Out go mileage bands, which used to cut in at 2,500 and 18,000 miles, together with discounts for older cars. In comes a percentage tax based on vehicle emissions. This will escalate each year for the first three years if the initial emission level exceeds 145 grams per kilometre. And you've guessed it – there are virtually no models available on the market today with an emission level as low as this.

Separate bandings exist for diesel cars and those using multiple forms of fuel. Diesel is generally far better than petrol on emissions but a flat 3% surcharge has been added to address the issue of particulate and sulphur emissions where it is worse than petrol. This surcharge will reduce once emissions comply with new European regulations. (Hardly any vehicles currently comply.)

The good news is that the bog standard rep mobile – such as a petrol Mondeo, travelling more than 18,000 miles a year and driven by a rep on the basic tax rate – will pay only an additional £130 a year in tax. As stealth taxes go, drivers get off lightly.

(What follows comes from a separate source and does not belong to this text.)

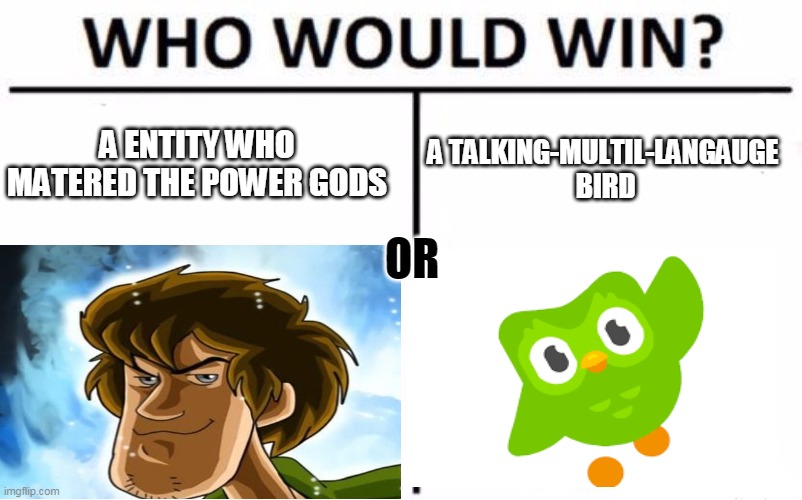 Who Would Win? Meme | A ENTITY WHO MATERED THE POWER GODS; A TALKING-MULTIL-LANGAUGE
 BIRD; OR | image tagged in memes,who would win | made w/ Imgflip meme maker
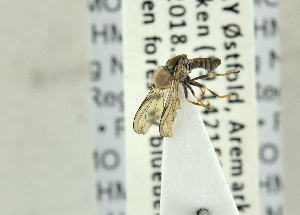  (Eudorylas arcanus - NHMO-ENT-440697)  @11 [ ] CreativeCommons - Attribution Non-Commercial Share-Alike (2019) Unspecified University of Oslo, Natural History Museum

The peace of mind and convenience of a company car will far outweigh the risks and hassle of private car ownership.

Life gets more complicated for a 40% taxpayer driving, for instance, a petrol BMW 530 – the tax will more than double to nearly £5,000 a year. This may be a small price to pay for the status such a machine conveys. But if the price is too high, a compromise might be to change from petrol to diesel. The combined savings of lower emission charges and fuel costs amount to more than to £900 a year, assuming you're driving at least 12,000 miles a year.

I've driven diesel cars since I was 18 years old. Being mean, I was always attracted to the huge fuel savings. Little did I know that I was also saving the world by emitting less pollutants. I'm now rewarded by the government by having to pay £10 a year less than a petrol equivalent for my road fund licence.

Performance of diesel engines now almost matches petrol-driven cars. Their resale value tends to be higher, offsetting the slightly higher initial price. And don't forget that often they occupy a lower insurance category, which can be useful, particularly on bigger cars.

Car choice is emotive, but the important point is to be aware of these changes and ensure that any purchase decisions made now are properly thought through in the light of the new regime. A perk car given to an important member of staff as an incentive could be resented in 18 months' time if the staff member has not fully understood the tax consequences of the vehicle they are choosing today.

Many drivers may wish to abandon the company car but, if they are high mileage drivers, they should consider the risks on depreciation. The running cost charges allowable under the new system are lower, which will mean that base salaries will need to rise to compensate.

For the insurer, these changes bring new issues. Commercial fleets are a key target market and the fleet profile is undoubtedly going to change with an increase in eco- and tax-friendly cars. The size of commercial fleets will potentially decrease as company car drivers become tax-sensitive and opt for privately owned vehicles and insurance policies. I wonder how many in the industry, and the drivers themselves, are fully aware of the implications looming – I anticipate that decision makers will suddenly jump into action once the true effects of these changes sting the wallet over the next couple of years.

I hope that there is not a hidden agenda to attack the company car. From an environmental point of view, companies will almost always buy new vehicles that pollute less. From a health and safety point of view, they tend to be better maintained and are generally safer as well.

A useful reference site on the CO2 emissions of most models are held at the Vehicle Certification Agency website –

I would certainly not argue with the thrust of the changes. It would, however, have been helpful if the government had used a few people from the real world to implement the changes in a slightly more digestible way.